1/6th Plate, Half Cased, Tintype
Unknown Photographer
Western United States
c. 1870

Of uncertain origin, the designation "Little Mary" was often applied to youngsters who were assigned to assist chuckwagon cooks during long cattle drives - performing the more
mundane tasks like fetching water and peeling potatoes. In the 1972 film
The Culpepper Cattle Company a young man named Ben Mockridge who dreams of becoming a gunslinging
cowboy begs hard bitten cattleman Frank Culpepper to go along on a c. 1866 cattle drive. Culpepper finally relents and tells Ben to report to the drives cook.
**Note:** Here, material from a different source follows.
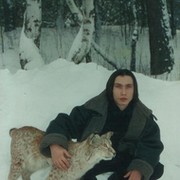 Иван Гусельников on My World.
The following dialog helps
put the term "Little Mary" into context:

Ben Mockridge:
"How come they keep calling me 'Little Mary'?"

Cook: "That's your name, kid. What's the matter? Don't you like it?"

Ben Mockridge: "No, I don't. It's a girl's name."

Cook: "Well, that's what they call the cook's helper... Little Mary. Christ, I wish you was a girl."

Was this boy a working member of a cattle drive? It is impossible to say but he certainly was dressed for the part. From the turned back brim of his hat, to his knotted neckerchief, to
his vest and all the way down to his boots he was - and still is - 100% Wild West.  
Below: After acquiring a cased or half cased mid 19th Century image such as this tintype, I always remove the image from the case and separate it
from the enclosing brass/keeper and cover glass. After upwards of 150 years a surprising amount of dirt and dust can find its way in between the
various elements and removing it greatly improves the apparent quality of the image. This process also allows the scanning of the entire image plate,
revealing a surprising amount of detail long hidden by the decorative brass mat.